◆ **What needs to be done**:
Word for word, set down every line of the entries below from the line with "Kaput Kilidi Ust- Accent Era 06-11" to the line with "17 cơ quan báo", including both, and no other line.

◆ **Data supplied**:
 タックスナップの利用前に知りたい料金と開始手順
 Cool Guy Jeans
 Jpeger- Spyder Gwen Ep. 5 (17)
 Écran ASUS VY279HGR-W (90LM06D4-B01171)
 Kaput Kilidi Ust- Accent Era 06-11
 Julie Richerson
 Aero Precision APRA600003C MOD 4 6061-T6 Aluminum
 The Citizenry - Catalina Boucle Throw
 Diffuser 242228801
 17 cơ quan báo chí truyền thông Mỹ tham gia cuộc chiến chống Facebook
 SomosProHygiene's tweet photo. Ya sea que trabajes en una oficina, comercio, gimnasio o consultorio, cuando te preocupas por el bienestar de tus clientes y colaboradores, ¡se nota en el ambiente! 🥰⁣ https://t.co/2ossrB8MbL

---

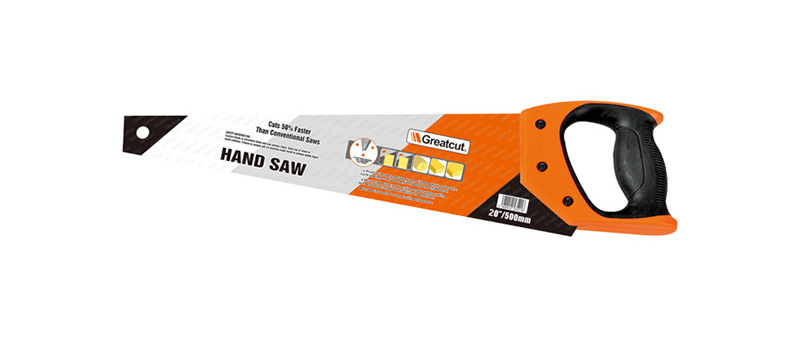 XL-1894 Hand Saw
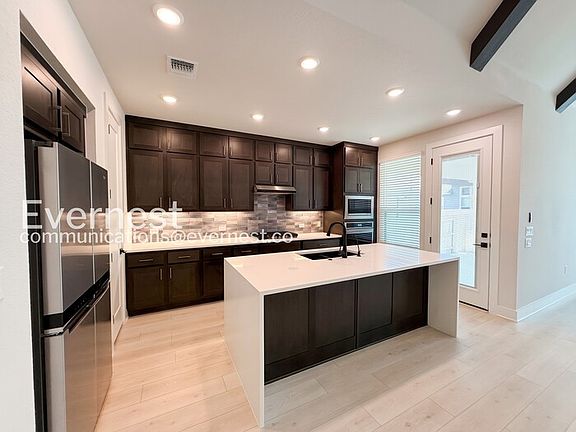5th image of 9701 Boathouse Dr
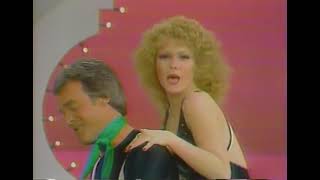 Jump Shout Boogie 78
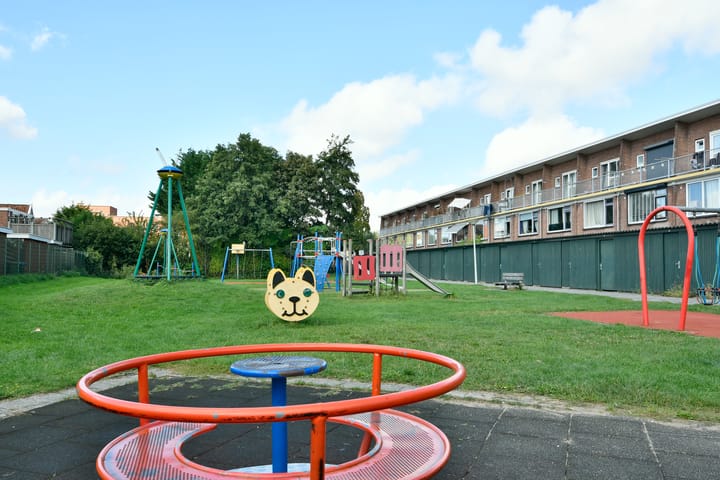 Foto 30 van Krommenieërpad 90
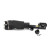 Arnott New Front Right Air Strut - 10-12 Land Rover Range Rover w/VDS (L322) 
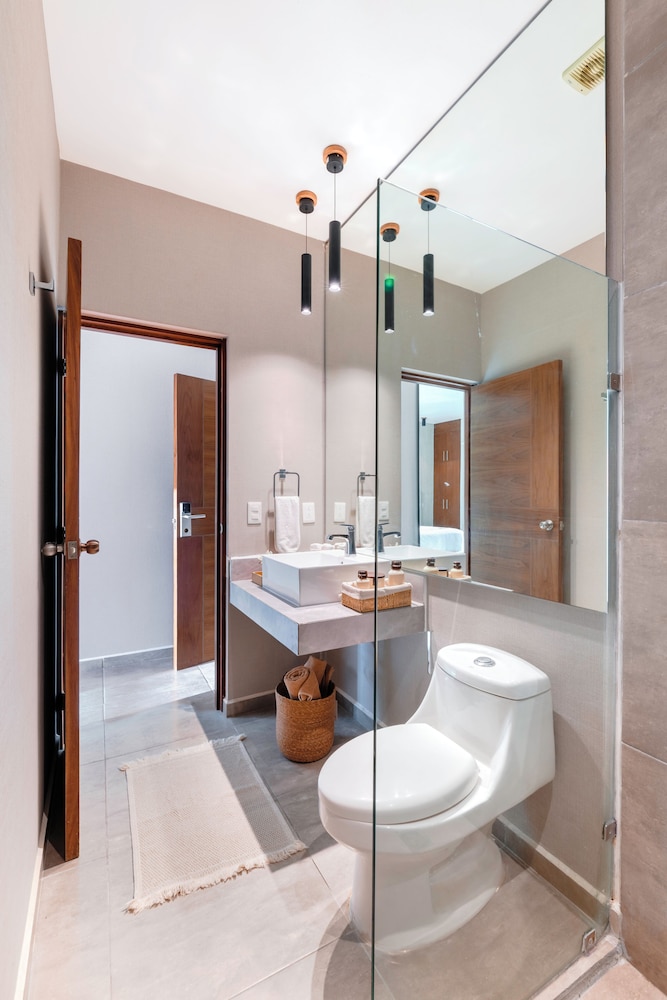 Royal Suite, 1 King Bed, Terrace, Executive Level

◆ **Output of the exercise**:
 Kaput Kilidi Ust- Accent Era 06-11
 Julie Richerson
 Aero Precision APRA600003C MOD 4 6061-T6 Aluminum
 The Citizenry - Catalina Boucle Throw
 Diffuser 242228801
 17 cơ quan báo chí truyền thông Mỹ tham gia cuộc chiến chống Facebook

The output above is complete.